Tools – The Policy and Internet Blog

P-values are widely used in the social sciences, but often misunderstood: and that’s a problem.

taha yasseri — Mon, 07 Mar 2016 18:53:29 +0000

P-values are widely used in the social sciences, especially ‘big data’ studies, to calculate statistical significance. Yet they are widely criticized for being easily hacked, and for not telling us what we want to know. Many have argued that, as a result, research is wrong far more often than we realize. In their recent article P-values: Misunderstood and Misused OII Research Fellow Taha Yasseri and doctoral student Bertie Vidgen argue that we need to make standards for interpreting p-values more stringent, and also improve transparency in the academic reporting process, if we are to maximise the value of statistical analysis.

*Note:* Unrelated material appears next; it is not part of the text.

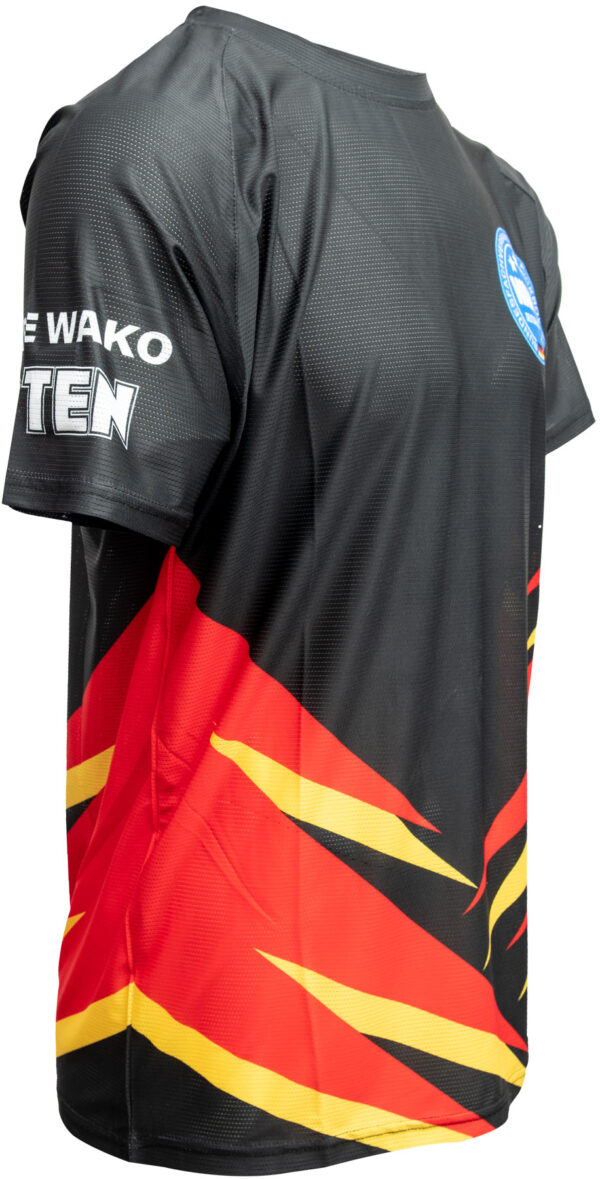 T-Shirt „We are WAKO” – Bild 3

“Significant”: an illustration of selective reporting and
statistical significance from XKCD. Available online at
http://xkcd.com/882/

In an unprecedented move, the American Statistical Association recently released a statement (March 7 2016) warning against how p-values are currently used. This reflects a growing concern in academic circles that whilst a lot of attention is paid to the huge impact of big data and algorithmic decision-making, there is considerably less focus on the crucial role played by statistics in enabling effective analysis of big data sets, and making sense of the complex relationships contained within them. Because much as datafication has created huge social opportunities, it has also brought to the fore many problems and limitations with current statistical practices. In particular, the deluge of data has made it crucial that we can work out whether studies are ‘significant’. In our paper, published three days before the ASA’s statement, we argued that the most commonly used tool in the social sciences for calculating significance – the p-value – is misused, misunderstood and, most importantly, doesn’t tell us what we want to know.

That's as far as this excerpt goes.